After a slip and fall, a bike crash, or even a fender-bender, the first thing most people think is: Who's going to pay? The next thought is: which lawyer should I call? Depending on how serious your injuries are, you may be able to skip question number two and go straight to small claims court. For many, the words "small claims court" dredges up images of feuding roommates, angry landlord and lovers' spats as soon on TV shows titled "Judge ____."
In reality, small claims court is just what the name suggests. It's meant to settle issues involving small amounts of money. The amount varies from state-to-state, but generally it is less than five thousand dollars.
If the amount you're seeking falls within the range of a small claims court, it could be better for you to settle it yourself. Except in serious or extraordinarily complicated cases, an attorney will negotiate for ten to twenty-five percent above what you can get on your own. However, they can charge anywhere from twenty to forty-percent of that amount in fees and administrative costs. After the adding and subtracting is done, you could come out with more if you handle your own case.
Personal injuries that are not life threatening and don't require long term care can be addressed in this court. Some examples of this kind of injury are: slip and fall accidents, defective product issues, home accidents and car, bike, or pedestrian accidents.

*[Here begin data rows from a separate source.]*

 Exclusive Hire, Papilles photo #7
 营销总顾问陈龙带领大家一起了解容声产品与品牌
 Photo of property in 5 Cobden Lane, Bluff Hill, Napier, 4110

Before you head to court, there are some questions about your case that need to be answered. Are you within the statute of limitations? And, do you know how much you claim could be worth? Each state has a deadline for filing lawsuits in small claims court. You'll need to make sure you aren't past that deadline. The earliest that clock starts ticking is the date of harm. The latest the limitation can begin is on the date the plaintiff actually discovered the harm. Sometimes a judge will set a date based on when he or she considers the plaintiff should have reasonably discovered any issue.
Part of the small claims process is writing a demand letter. In that letter you will have to detail exactly what happened and the extent of your injuries. You will also have to quantify a cost of those injuries. In general, this is made up of medical care or hospital bills, lost income, property damage, emotional damage and loss of social or educational experiences such as school or family events. Make sure you have bills, receipts and any other documentation to support the dollar amount you come to for physical damages. You'll have to present these in court.

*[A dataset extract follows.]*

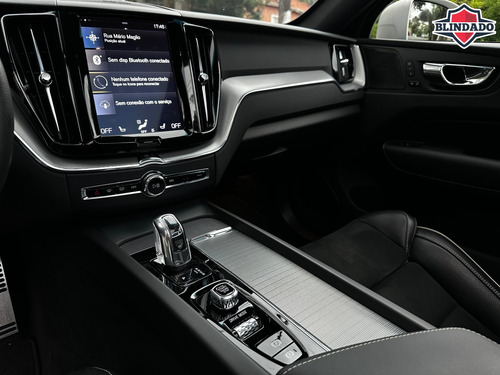 Volvo XC60 2.0 T8 HYBRID R-DESIGN AWD GEARTRONIC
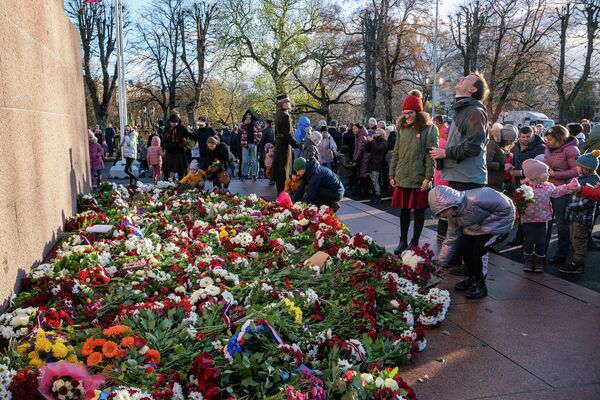 Рижане завалили подножие памятника Свободы цветами Рижане завалили подножие памятника Свободы цветами - Sputnik Латвия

Assigning monetary value to emotional damage and loss of social or educational experiences is a little trickier. One way to do this on your own is to use a set of formulas many insurance adjusters use. They use a scale of 1.5 to 5 to rate emotional damage. Milder cases are assigned something close to 1.5, while more severe injuries are given a 5. To use the formula, take the total of all your bills and tangible damages and multiply them by a number from the scale. The number you come to is the cost of your "emotional damage." It may not be perfect, but it is a rough amount to work with. Most judges will be familiar with this method and could be more open to awarding damages based on it. Make sure you can articulate how and why you used the formula to the judge.
Once you've gone through all of these processes, the last step is to contact your local clerk of courts to set a date and get your chance to go before a judge.